───── Exercise inputs

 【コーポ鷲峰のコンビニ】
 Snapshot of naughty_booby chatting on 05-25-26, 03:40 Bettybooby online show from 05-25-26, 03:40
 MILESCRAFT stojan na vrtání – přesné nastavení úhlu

──────────
───── Exercise inputs

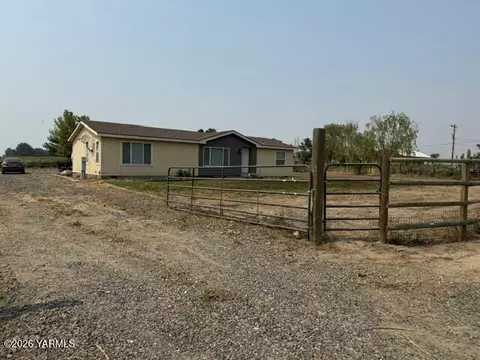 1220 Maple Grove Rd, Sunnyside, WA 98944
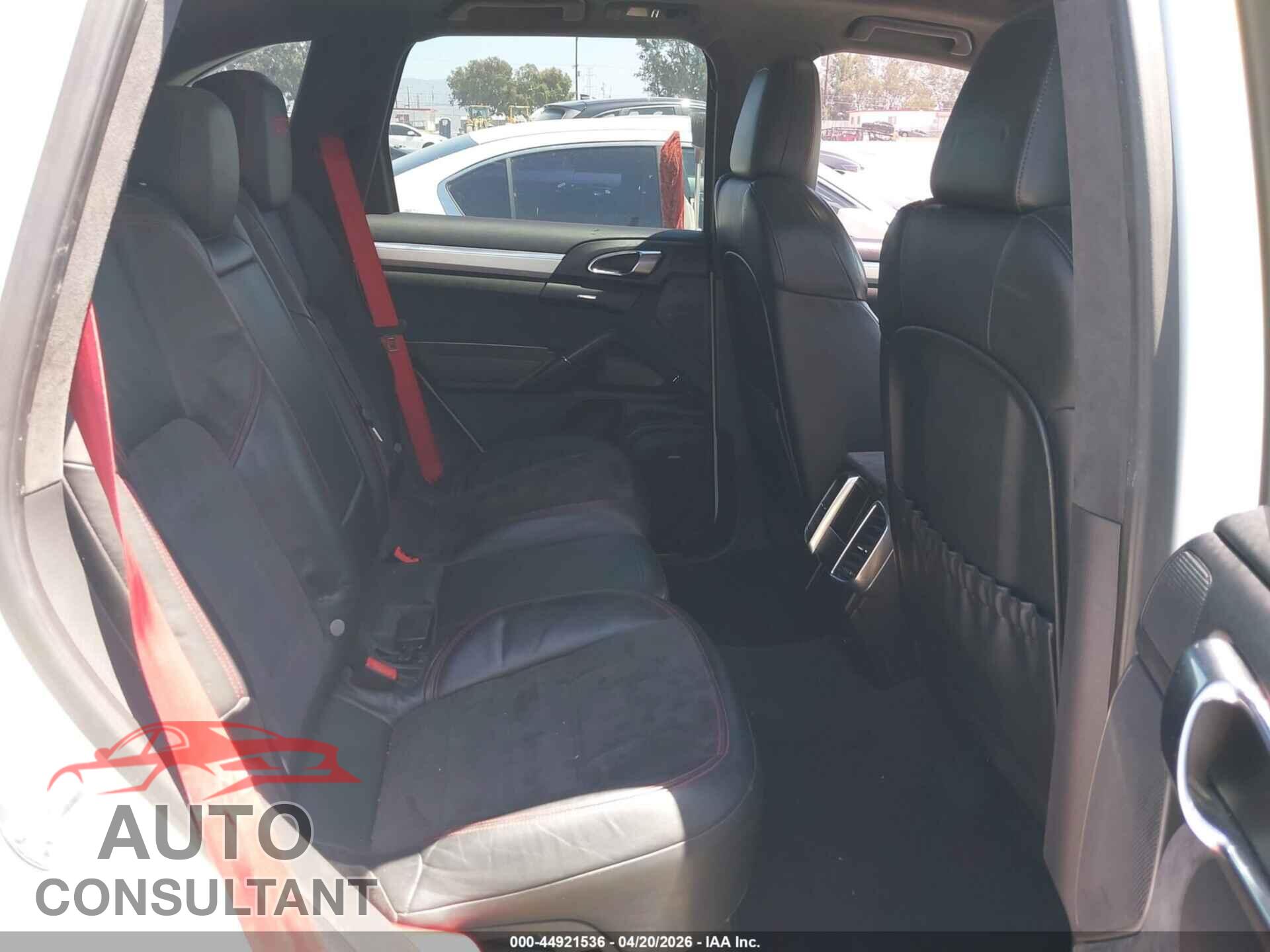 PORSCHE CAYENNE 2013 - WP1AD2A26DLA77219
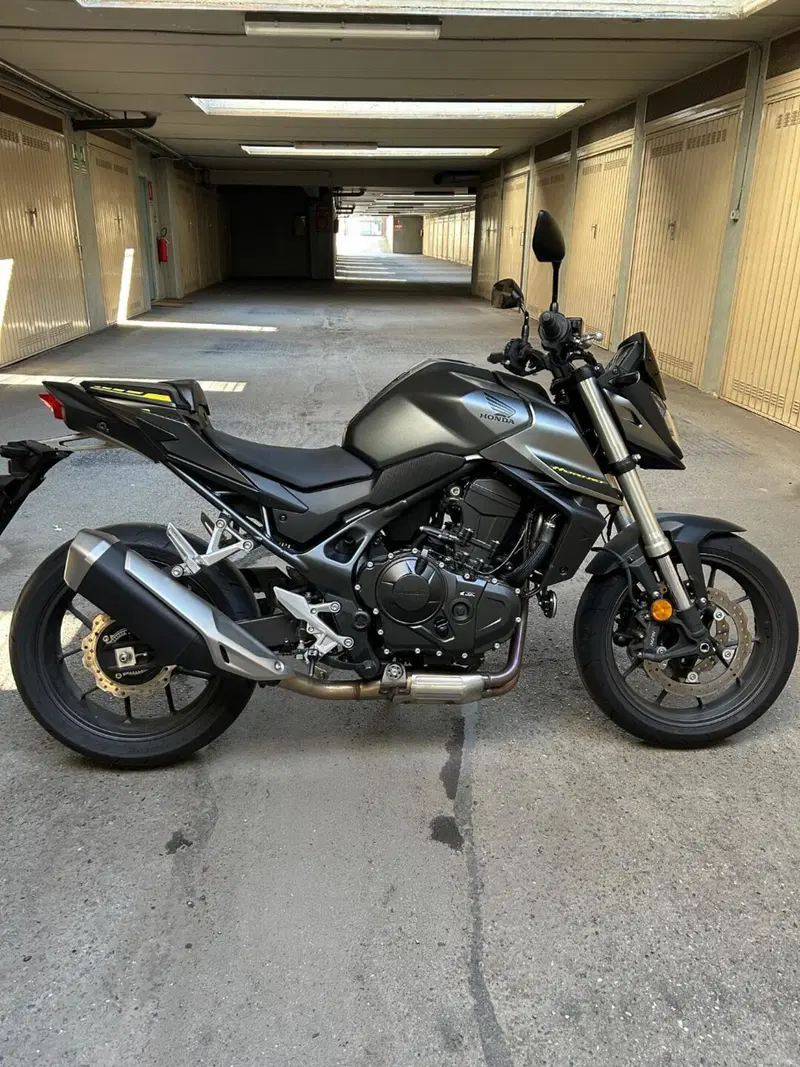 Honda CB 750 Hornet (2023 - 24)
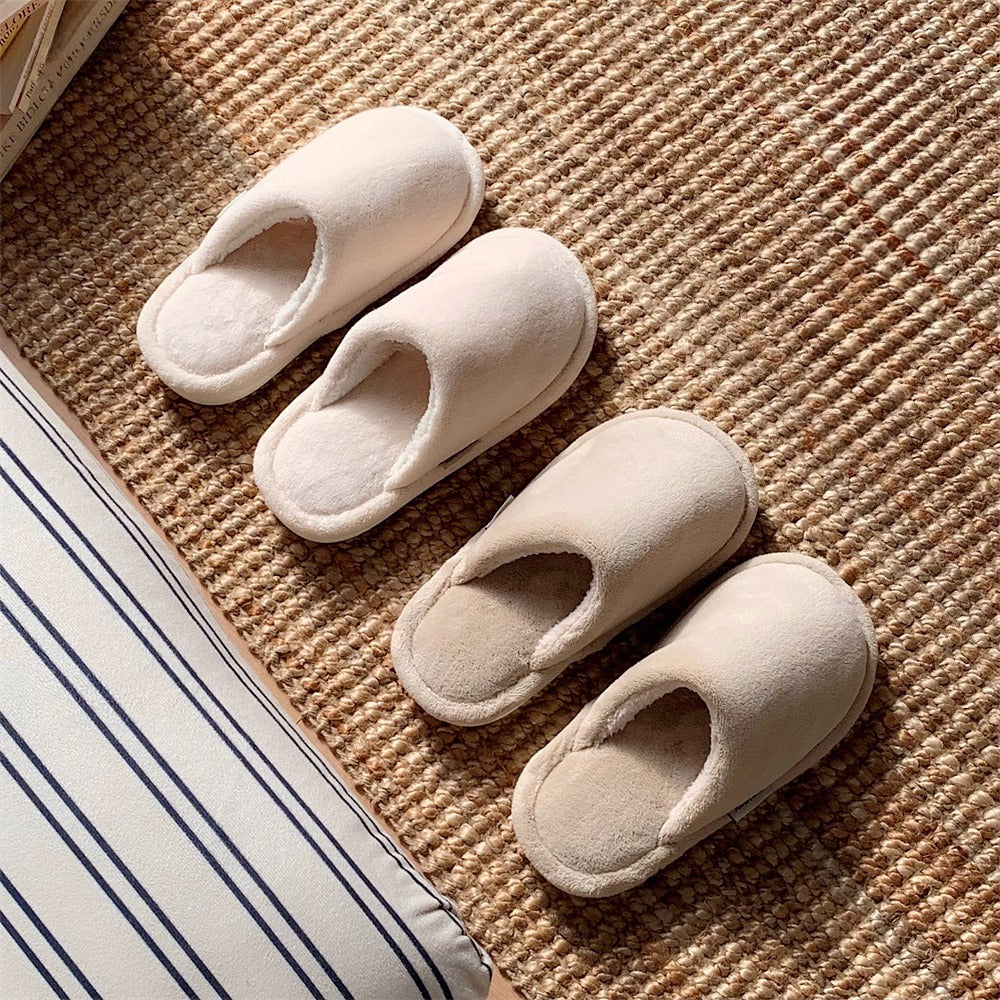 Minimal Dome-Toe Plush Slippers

──────────

### Exercise objective:
From the line with "PORSCHE CAYENNE 2013 - WP1AD2A26DLA77219" up to and including the line with "Minimal Dome-Toe Plush Slippers" above, retype every line exactly and nothing more; leave out the pictures.

### Solution for this task:
 PORSCHE CAYENNE 2013 - WP1AD2A26DLA77219
 Honda CB 750 Hornet (2023 - 24)
 Minimal Dome-Toe Plush Slippers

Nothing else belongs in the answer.